**RECORDS SHOWN:**
========
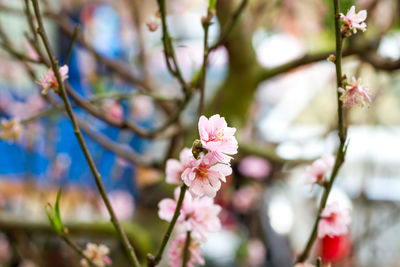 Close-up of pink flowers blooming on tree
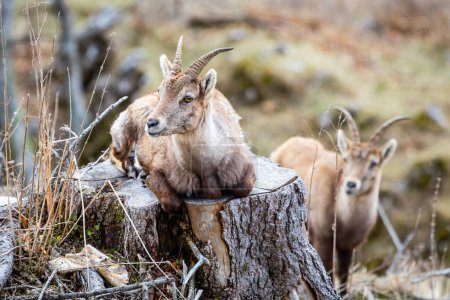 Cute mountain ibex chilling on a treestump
========
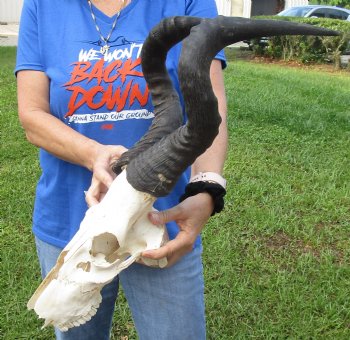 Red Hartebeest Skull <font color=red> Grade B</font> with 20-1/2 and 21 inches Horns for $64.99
========
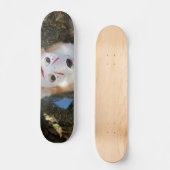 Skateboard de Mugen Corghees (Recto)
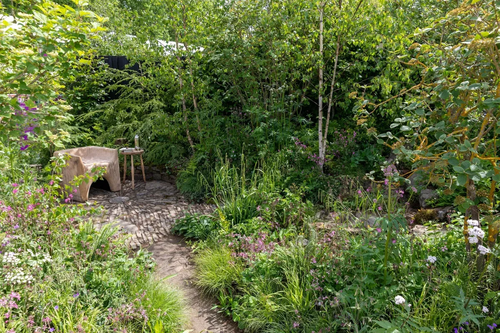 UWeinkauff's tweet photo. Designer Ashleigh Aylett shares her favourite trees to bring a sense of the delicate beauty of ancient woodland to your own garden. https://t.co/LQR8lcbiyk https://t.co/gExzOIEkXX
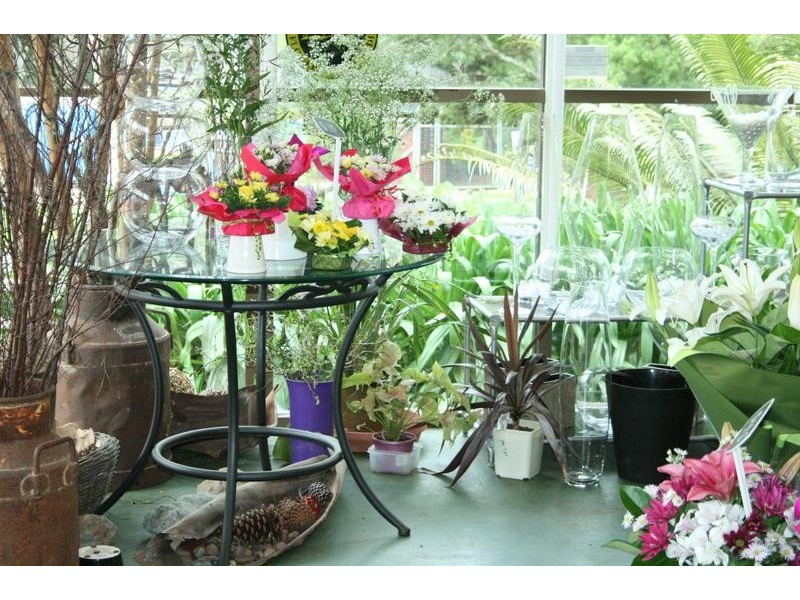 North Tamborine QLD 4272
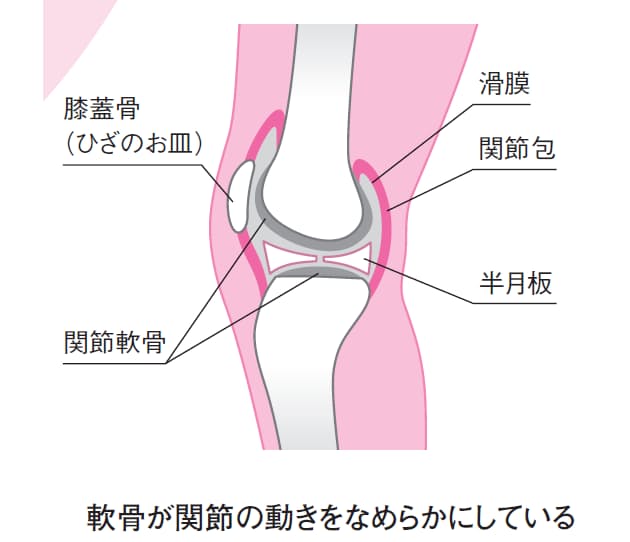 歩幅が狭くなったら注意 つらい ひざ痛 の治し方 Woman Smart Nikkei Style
========
**REQUIRED ACTION:** In the listing above, find the line with "Close-up of pink flowers blooming on tree" and the line with "Cute mountain ibex chilling on a treestump". Set down exactly those lines and everything between them, skipping pictures.

**RESPONSE:**
 Close-up of pink flowers blooming on tree
 Cute mountain ibex chilling on a treestump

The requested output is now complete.